Sutradhar is a Chau mask maker and dance artist residing in ­Charida village in Purulia, around 300 km from Kolkata. He is perhaps the oldest artist who is well versed in ­making Chau masks. Chau is an acrobatic martial art-based dance form where the performers wear masks and dazzling costumes. Sutradhar quit dancing several years ago as he grew older, but continues to make Chau masks in his village.

Charida can be rightly termed as an ‘artisans’ village’ as around 250–300 families earn their livelihood by making the masks.

Charida village has the distinction of being the only place in the world where Chau masks are being manufactured. The tradition of making the masks began during the rule of King Madan Mohan Singh Deo of Baghmundi around 150 years ago.

“The artists used to perform in the King’s palace but slowly the art spread to nearby villages,” says Sutradhar. Till the early decades of this century, the dance form was patronised by the Baghmundi rulers, but due to unproductive land and less monsoons, they could hardly provide necessary support. The performers were forced to look for new areas to sustain their livelihood, he added.

Anil Sutradhar working on a mask.
Anil Sutradhar working on a mask.

Charida can be rightly termed as an ‘artisans’ village’, as around 250–300 families earn their livelihood by making these masks. Several shops selling the masks dot the village. Many of these craftsmen sell the masks from their homes. Interestingly, all the artisans have the  common surname of Sutradhar.

 

The process

Raju, one of the artisans, is busy giving final touches to a Chau mask. With bulk orders, he hardly has time to spare, but agrees to explain the process that goes into making the masks. “A clay model of the mask is first made and dried in direct sunlight. It is then covered with powdered ash. Then successive layers of soft paper pulp mixed with gum from mulberry plant are pasted on the cast. After the rough foundation, the finer details are skillfully carved by applying a thin layer of clay. The entire cast is again dried in the sun, after which it is wrapped in a clay-soaked muslin cloth for a smooth finish. It is then polished with a wooden spatula. After a layer of zinc oxide, the mask is painted and decorated according to the character,” he says. The masks are generally inspired from mythological characters but some modifications have come up with the changing times, he adds.
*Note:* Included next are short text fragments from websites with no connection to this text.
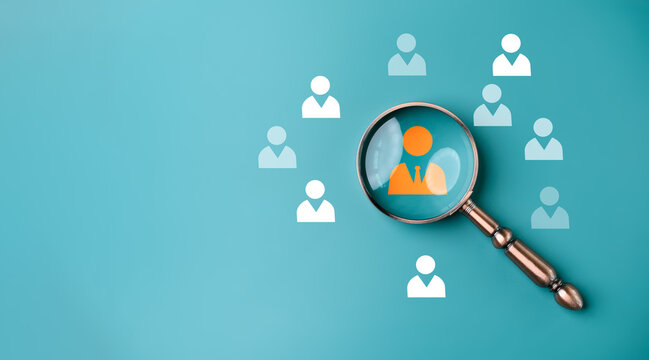 HRM or  Human Resource Management, Magnifier glass focus to manager icon which is among staff icons for human development recruitment leadership and customer target group concept.
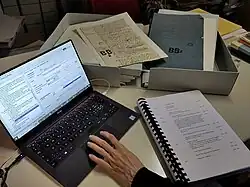 Photographie couleur d'un ordinateur et de registres avec boites d'archives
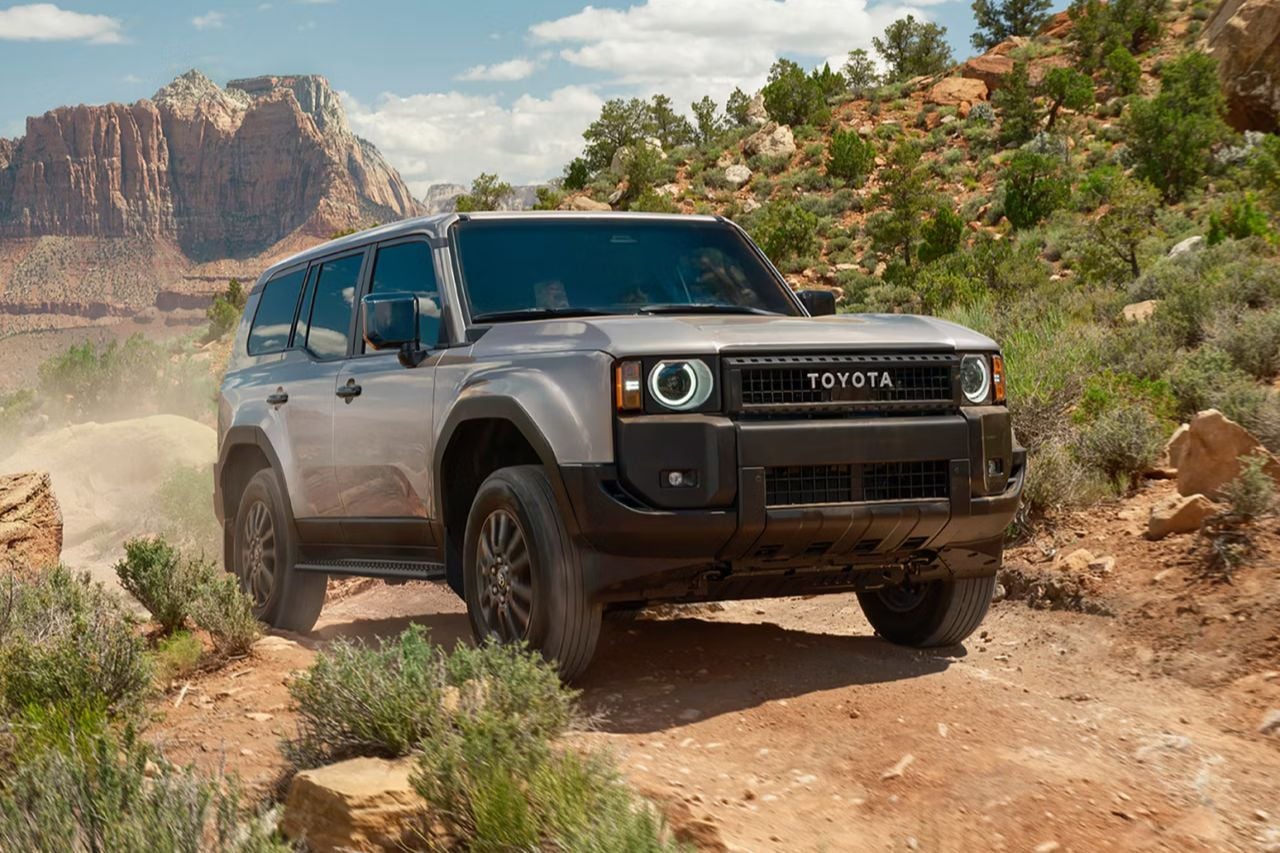 A Toyota Land Cruiser drives down a dusty, desert road on a sunny day.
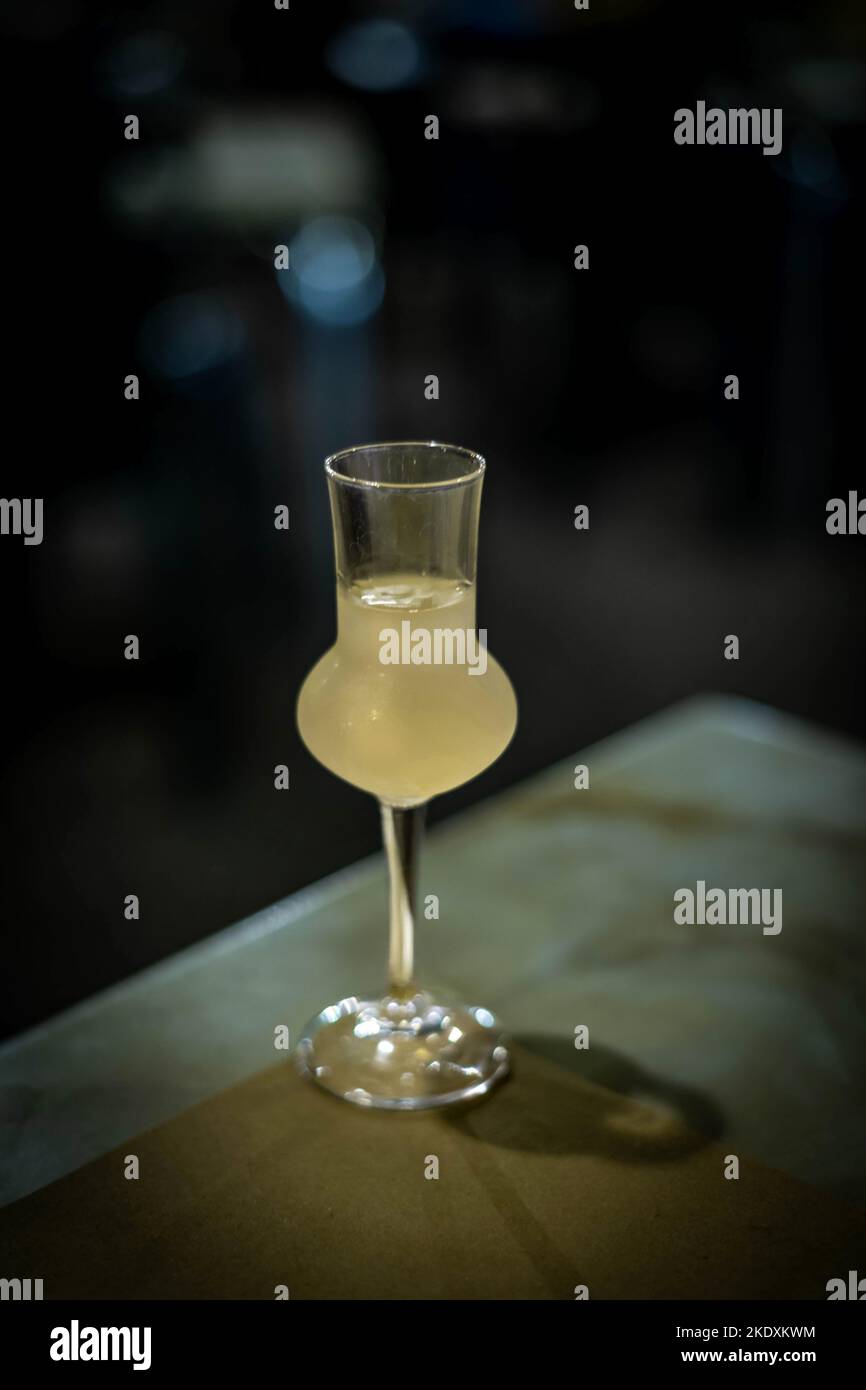 Un bicchiere di limoncello si trova sul tavolo di notte nel patio di un ristorante Foto Stock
An array of Chau masks on display at a village shop.
An array of Chau masks on display at a village shop.

He says that though they continue to make masks across the year, the season normally is six months, from March to May and November to January, when the dances are held in different villages.

The artisans rue that the mask-making can be a good market, nationally and internationally, but lack of infrastructure is a big hurdle. “Our village has good potential to attract tourists but lack of lodging facilities is a major roadblock. There are neither toilets nor decent food choices.  The government has come with Biswa Bangla stalls to sell handicraft items but the rate of procurement is very low and all the artisans are not generally involved,” says Falguni Sutradhar, who has practised this art for over three decades.

There is huge demand for the masks in foreign markets but we lack proper export channels to meet it.

Raju Modak (25), an artisan, says that the business can be more profitable if the government shows more involvement. “Banks do not help us with loans as most of the artisans are defaulters. The art is unique and can be taken to other parts of the world. There is huge demand for the masks in foreign markets but lack of proper channels for exports prevents us from meeting it. The village has tremendous scope to contribute to State tourism being at the foot of the Ayodhya Hills, a tourist attraction.”

Falguni Sutradhar, another artisan, giving final touches to a Chau mask.
Falguni Sutradhar, another artisan, giving final touches to a Chau mask.

The State government “is helping them by organising fairs and other platforms to showcase their products. We are planning to come up with a cluster in Charida to bring different artisans under one roof. Their market has definitely increased in the past few years and more steps for their benefit would soon be taken,” said a government official.